Bela kapımıza dayanmadan uyanamıyoruz
15 Temmuz’da Pensilvanya çapulcularının bütün Türkiye’ye yaşattığı kabus gecesi gösterdi ki bu adamların hiç şakası yok. Çünkü aklı ve mantığı yok. O zat bu çetelerin beynine nasıl bir mistik zehir zerkettiyse, bu zehirli şakirtler adeta bir şarhoşluk içinde sivillere rastgele ateş açabiliyor, demokrasinin kalbi olan parlamentoyu bombalayabiliyorlar.
Evet darbe bir insanlık suçudur, cuntacılar da acımasızdır. Ancak sonuç itibariyle darbecilerin birincil hedefi siyasi iktidarlardır. Dolayısıyla Cuma gecesi afyon yutmuş Haşhaşilere bu cuntacıların sergilediği görüntüler, Fransa’da kamyonla insanları biçen IŞİD manyaklarına benziyor.

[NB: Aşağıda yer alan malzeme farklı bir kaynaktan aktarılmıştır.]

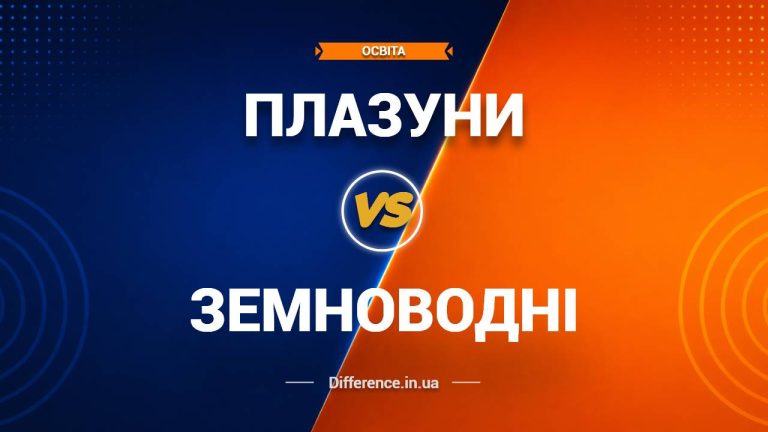 Різниця між плазунами та земноводними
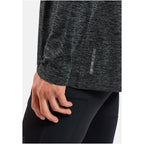 Men’s Long-Sleeve Running Shirt Odlo ESSENTIAL SEAMLESS, Grey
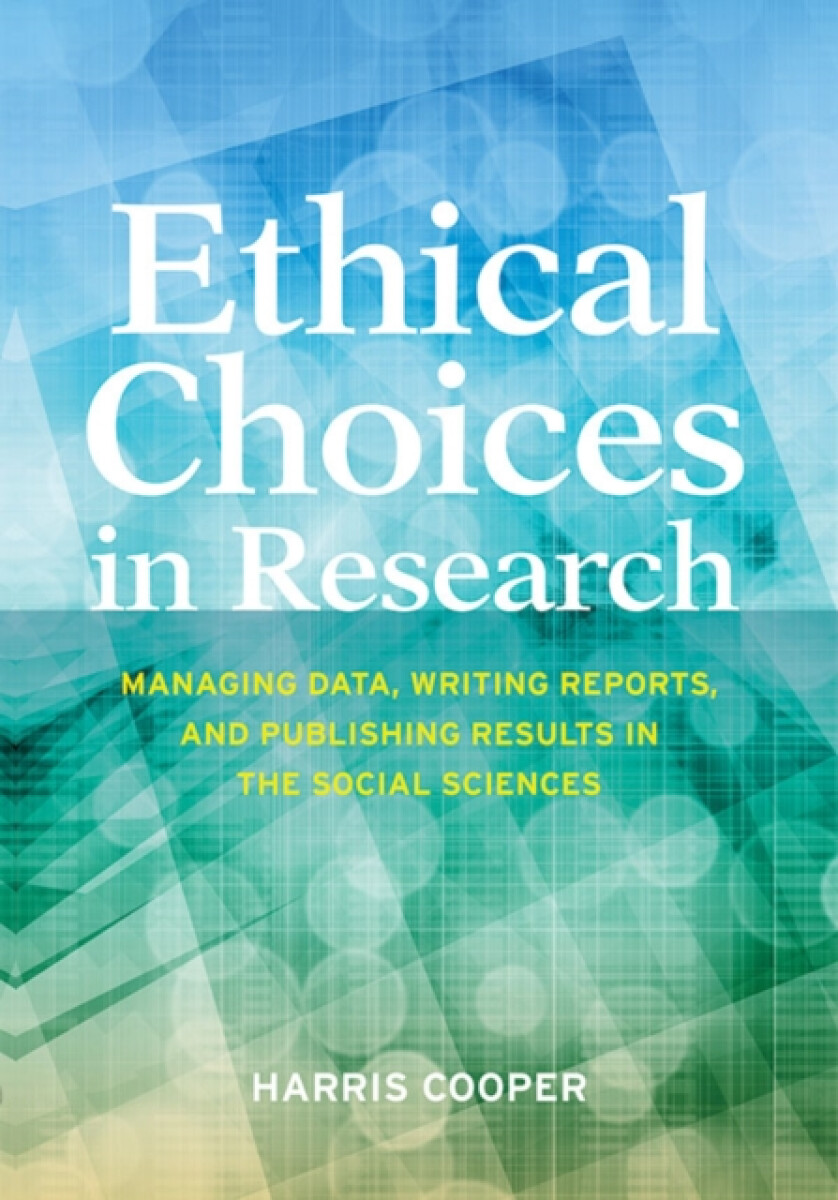 Kniha Ethical Choices in Research
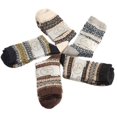 thumbnail image 2 of Lovely Annie Women's 5 Pair Pack Wool Soft Folk Design Fashion Socks Diamond, 2 of 2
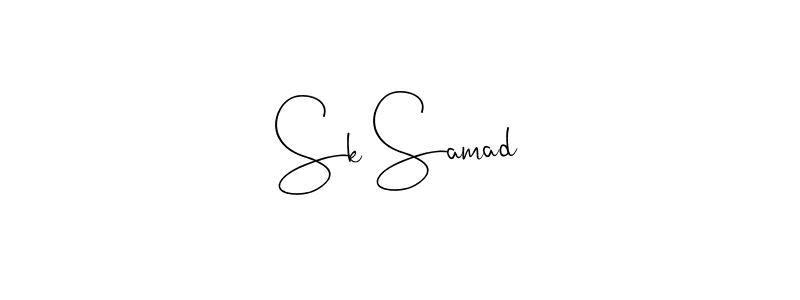 if you are searching for the best signature style for your name Sk Samad. so please give up your signature search. here we have designed multiple signature styles  using Andilay-7BmLP. Sk Samad signature style 4 images and pictures png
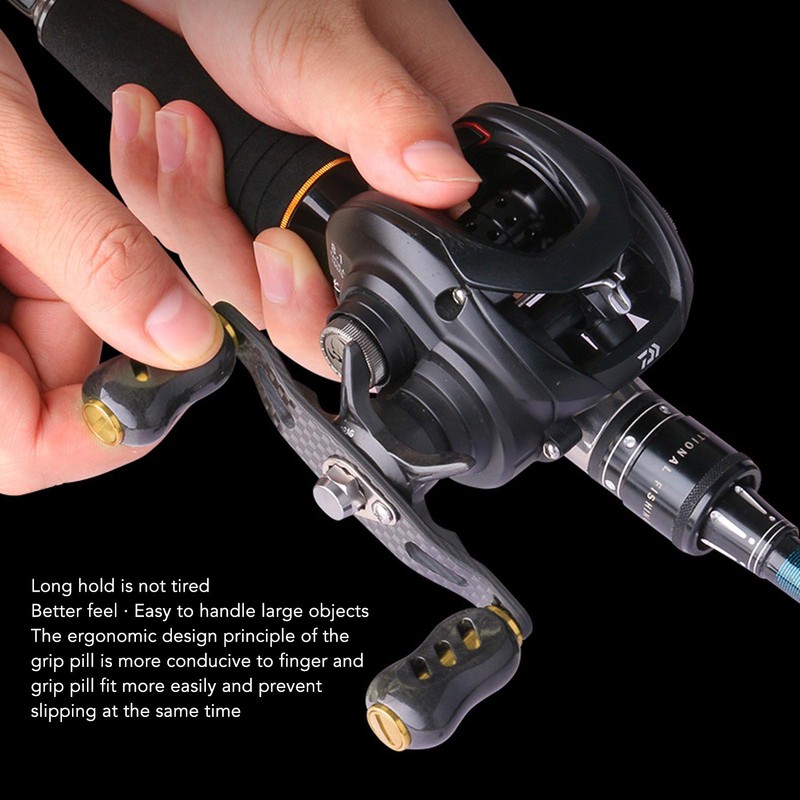 Fishing Reel Handle Grip Carbon Fiber Non Slip Fishing Reel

Yaklaşık üç yıldır devletin içine sızan bu Haşhaşi çetelere karşı aktif bir mücadele yürütülüyor. Ancak nedense bela kapımıza dayanmadan esasa ilişkin bitirici hamleyi bir türlü yapamıyoruz.
Aslında 17-25 Aralık’ta yaşadığımız felaket, bu çetenin doğrudan ülkenin demokrasisine, millet iradesine düşman olduğunu çok ‘yakın tehlike’ olarak görmüş ve hiç zaman kaybetmeden devlet aklının stratejik hamlelerle kararlı bir mücadele başlatması gerektiğine inanmıştık.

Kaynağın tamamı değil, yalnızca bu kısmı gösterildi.